Dataset Catalog for Data Ethics Projects - Markkula Center for Applied Ethics

The Markkula Center for Applied Ethics hosts a list of datasets that can be used to introduce and address considerations of ethics in graduate and undergraduate machine learning and data analytics courses.

Markkula Center contact for Dataset release for SCU students: Subbu Vincent (svincent@scu.edu)

Home Mortgage Disclosure Act

This research-ready data set of U.S. home mortgage loan applications is based on data from the federally mandated Home Mortgage Disclosure Act. In 2014, the most recent year for which data is available, there were about 11.7 million loan records reported by 7,062 financial institutions in 2014. These records include applications for home purchase, for home improvement, and for refinancing.

Potential ethics-linked analysis:

Explore this US national mortgage dataset and build predictions for loan approvals or denials.

Check a) whether it can be used in predicting loan approvals and b) if so, identify data bias effects, if any, and how that impacts fairness. c) If there is unfairness, outline the specifics and what could be changed?

Availability:

For SCU Students: Upon request (Licensed by the Markkula Center)

For others: https://www.propublica.org/datastore/dataset/home-mortgage-disclosure-act

Criminal recidivism risk analysis for parole decisions

Across the nation, judges, probation and parole officers are increasingly using algorithms to assess a criminal defendant’s likelihood to re-offend. The linked data includes: a database containing the criminal history, jail and prison time, demographics and COMPAS risk scores for defendants from Broward County from 2013 and 2014; code in R and Python; a Jupyter notebook; and other files needed for the analysis.)

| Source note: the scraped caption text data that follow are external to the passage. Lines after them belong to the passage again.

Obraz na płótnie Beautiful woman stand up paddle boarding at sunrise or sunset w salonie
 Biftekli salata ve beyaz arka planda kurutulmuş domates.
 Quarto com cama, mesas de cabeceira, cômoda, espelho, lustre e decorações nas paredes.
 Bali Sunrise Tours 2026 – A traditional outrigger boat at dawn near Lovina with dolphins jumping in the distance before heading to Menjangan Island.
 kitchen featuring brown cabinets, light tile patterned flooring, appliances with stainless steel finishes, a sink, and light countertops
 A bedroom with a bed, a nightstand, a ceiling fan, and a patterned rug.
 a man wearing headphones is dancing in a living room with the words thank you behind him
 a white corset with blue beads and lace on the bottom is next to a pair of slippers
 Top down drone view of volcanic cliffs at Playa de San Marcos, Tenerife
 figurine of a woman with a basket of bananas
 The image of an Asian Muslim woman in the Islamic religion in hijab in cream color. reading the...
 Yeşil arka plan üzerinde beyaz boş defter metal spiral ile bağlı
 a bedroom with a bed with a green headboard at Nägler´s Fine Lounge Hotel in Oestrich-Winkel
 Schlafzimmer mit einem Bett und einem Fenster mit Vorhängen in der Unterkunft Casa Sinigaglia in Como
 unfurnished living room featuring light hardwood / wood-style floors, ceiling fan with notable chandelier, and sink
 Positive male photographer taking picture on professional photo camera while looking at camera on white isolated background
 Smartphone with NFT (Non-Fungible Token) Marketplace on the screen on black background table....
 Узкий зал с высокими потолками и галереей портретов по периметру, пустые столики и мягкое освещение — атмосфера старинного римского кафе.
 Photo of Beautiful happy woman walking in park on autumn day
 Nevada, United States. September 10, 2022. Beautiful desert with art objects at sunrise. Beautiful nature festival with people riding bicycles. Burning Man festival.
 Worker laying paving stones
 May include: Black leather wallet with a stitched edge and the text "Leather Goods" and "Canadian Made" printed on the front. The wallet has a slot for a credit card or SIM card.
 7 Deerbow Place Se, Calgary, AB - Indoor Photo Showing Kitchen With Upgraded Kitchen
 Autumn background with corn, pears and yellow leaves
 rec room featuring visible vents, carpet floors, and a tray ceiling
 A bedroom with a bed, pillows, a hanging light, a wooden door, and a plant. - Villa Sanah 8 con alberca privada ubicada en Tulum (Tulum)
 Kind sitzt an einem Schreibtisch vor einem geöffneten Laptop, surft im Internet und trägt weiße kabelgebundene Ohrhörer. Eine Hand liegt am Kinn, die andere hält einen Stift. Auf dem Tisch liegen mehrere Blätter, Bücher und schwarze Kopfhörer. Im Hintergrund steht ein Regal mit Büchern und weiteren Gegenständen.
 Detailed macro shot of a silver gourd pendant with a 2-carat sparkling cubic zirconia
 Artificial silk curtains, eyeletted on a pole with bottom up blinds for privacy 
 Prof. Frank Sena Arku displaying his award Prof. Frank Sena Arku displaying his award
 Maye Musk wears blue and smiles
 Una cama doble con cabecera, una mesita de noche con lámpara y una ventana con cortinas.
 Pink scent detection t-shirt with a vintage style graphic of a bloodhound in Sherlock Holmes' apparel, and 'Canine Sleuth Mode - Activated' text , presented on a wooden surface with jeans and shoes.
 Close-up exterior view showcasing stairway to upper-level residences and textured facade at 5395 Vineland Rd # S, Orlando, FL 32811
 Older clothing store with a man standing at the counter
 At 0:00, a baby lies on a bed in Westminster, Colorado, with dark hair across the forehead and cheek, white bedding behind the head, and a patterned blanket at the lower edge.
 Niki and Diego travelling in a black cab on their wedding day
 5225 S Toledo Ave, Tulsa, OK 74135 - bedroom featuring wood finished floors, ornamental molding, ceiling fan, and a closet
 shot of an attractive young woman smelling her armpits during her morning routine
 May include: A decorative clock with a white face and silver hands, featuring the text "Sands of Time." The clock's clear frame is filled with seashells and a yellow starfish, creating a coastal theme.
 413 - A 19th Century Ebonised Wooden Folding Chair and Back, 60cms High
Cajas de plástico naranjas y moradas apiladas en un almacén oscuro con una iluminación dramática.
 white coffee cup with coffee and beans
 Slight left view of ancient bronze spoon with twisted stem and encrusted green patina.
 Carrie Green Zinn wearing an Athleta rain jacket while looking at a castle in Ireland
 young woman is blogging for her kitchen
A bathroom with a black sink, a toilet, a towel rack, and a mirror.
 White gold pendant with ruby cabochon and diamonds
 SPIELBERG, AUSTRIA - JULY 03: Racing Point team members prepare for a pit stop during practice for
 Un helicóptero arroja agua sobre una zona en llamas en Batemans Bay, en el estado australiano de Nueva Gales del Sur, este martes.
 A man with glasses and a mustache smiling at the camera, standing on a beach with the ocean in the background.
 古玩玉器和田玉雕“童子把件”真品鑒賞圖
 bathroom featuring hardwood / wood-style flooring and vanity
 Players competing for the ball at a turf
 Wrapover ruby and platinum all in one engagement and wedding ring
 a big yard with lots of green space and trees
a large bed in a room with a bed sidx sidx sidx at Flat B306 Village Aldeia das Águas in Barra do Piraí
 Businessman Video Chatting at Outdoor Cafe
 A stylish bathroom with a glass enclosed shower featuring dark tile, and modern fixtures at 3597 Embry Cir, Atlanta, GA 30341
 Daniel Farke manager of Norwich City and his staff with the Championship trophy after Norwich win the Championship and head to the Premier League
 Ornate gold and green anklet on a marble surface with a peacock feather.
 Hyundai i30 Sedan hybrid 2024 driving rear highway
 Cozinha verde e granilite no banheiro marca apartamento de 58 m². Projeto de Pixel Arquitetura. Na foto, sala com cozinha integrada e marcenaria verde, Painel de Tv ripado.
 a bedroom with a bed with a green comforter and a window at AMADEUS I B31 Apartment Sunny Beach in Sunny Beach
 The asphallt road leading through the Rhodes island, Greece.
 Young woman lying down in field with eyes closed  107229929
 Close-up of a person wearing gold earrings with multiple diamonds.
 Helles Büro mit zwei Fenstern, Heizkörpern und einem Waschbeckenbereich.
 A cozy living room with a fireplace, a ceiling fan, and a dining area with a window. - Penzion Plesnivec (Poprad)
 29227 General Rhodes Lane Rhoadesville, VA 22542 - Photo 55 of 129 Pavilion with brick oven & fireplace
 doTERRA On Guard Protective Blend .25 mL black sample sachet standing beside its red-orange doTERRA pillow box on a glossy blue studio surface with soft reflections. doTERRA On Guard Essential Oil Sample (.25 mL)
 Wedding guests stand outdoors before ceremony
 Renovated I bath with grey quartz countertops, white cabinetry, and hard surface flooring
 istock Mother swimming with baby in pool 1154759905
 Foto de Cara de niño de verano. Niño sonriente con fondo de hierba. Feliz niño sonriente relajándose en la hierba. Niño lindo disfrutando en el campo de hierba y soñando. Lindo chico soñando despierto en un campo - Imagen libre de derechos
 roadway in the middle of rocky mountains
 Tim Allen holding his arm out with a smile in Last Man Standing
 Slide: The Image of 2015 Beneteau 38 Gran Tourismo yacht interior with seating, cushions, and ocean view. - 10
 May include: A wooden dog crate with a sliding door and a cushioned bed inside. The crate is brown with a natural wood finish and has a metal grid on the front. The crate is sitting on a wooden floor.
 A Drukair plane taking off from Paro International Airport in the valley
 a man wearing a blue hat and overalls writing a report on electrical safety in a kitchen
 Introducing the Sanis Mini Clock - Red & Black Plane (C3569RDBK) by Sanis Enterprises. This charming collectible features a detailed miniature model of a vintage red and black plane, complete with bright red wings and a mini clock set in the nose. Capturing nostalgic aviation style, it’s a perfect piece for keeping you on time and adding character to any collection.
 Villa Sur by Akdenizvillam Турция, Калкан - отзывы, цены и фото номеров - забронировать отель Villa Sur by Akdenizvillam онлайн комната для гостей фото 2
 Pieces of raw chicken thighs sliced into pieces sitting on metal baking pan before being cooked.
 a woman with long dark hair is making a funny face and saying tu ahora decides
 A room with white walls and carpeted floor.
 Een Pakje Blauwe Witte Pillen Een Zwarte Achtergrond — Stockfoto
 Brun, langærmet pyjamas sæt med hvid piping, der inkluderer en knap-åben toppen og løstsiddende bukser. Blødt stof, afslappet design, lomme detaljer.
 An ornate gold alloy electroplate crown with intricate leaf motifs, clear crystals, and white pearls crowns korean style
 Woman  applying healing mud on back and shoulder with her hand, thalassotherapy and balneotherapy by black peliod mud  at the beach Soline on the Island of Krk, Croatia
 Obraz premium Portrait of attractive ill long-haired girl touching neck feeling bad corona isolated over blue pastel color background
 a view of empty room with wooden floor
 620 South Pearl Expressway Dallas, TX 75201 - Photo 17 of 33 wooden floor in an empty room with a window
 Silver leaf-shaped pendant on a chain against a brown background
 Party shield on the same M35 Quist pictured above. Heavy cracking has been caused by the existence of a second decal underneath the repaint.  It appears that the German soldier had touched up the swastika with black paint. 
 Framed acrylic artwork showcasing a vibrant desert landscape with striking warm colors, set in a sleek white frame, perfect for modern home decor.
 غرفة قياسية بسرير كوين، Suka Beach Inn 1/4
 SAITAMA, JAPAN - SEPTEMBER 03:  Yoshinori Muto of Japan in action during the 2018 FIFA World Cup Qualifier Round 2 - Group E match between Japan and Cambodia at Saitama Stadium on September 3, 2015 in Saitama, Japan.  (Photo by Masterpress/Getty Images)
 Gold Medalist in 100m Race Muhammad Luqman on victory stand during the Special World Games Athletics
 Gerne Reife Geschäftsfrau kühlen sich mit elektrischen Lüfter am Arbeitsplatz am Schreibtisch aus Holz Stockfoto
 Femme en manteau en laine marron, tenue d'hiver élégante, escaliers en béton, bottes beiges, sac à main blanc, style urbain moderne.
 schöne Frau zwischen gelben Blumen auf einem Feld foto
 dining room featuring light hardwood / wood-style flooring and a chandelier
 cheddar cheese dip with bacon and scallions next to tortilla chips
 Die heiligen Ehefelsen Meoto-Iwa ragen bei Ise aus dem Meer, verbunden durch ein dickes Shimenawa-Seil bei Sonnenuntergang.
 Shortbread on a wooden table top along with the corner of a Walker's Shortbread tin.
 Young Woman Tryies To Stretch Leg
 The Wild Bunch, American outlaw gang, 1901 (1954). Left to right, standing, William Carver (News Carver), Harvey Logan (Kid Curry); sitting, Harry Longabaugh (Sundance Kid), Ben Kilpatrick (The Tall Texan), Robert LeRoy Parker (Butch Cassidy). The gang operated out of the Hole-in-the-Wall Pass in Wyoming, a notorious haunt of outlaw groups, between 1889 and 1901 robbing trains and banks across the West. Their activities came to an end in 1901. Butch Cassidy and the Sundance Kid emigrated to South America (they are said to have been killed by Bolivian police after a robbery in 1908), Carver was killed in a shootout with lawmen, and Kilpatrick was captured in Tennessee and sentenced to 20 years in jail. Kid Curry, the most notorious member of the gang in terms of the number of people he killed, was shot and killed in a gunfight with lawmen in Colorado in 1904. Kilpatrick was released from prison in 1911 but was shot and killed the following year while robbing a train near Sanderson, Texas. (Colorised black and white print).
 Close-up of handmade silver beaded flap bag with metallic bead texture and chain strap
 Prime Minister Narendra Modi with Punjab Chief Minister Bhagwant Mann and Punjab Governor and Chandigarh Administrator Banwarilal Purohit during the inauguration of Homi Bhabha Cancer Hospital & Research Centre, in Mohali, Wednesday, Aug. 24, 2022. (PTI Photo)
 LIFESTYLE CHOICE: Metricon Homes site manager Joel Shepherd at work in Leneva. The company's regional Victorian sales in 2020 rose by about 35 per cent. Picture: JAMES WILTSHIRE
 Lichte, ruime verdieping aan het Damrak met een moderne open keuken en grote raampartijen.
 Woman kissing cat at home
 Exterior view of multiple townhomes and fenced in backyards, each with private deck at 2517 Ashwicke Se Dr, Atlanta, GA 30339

Potential ethics-linked analysis:

A commercial algorithm that calculates recidivism risk was found to be biased against certain groups of people. Do your own exploration of the data, identify risk and see what can be changed in your data or algorithm or models (including what the data owners could be asked to provide) to make your predictions perform more fairly than otherwise. (You need to define the question sharply.) Caveats/Notes: ProPublica reported their analysis in Mar 2016. In Nov'18, Duke researchers put out a paper confirming an issue with ProPublica's approach in reverse engineering the COMPAS algorithm. They also pointed out deeper issues on the definition of fairness, the lack of transparency in COMPAS's algorithm and more. If you are using this dataset, review this paper:

The age of secrecy and unfairness in recidivism prediction: Cynthia Rudin, Caroline Wang, Beau Coker

https://arxiv.org/abs/1811.00731

Availability: (this dataset is free)

Dataset: https://www.propublica.org/datastore/dataset/compas-recidivism-risk-score-data-and-analysis

Github site: https://github.com/propublica/compas-analysis/

Small Business Loans

The Small Business Administration’s 7a program provides loans to small business owners who can't obtain financing through traditional channels. The program operates through private-sector lenders who provide loans that are, in turn, guaranteed by the SBA. The SBA7a program itself has no funds for direct lending or grants. The data contain information on the business getting the loan including address and industry code, the bank lending the money, the amount loaned, and (where applicable) whether the loan was paid in full or charged off.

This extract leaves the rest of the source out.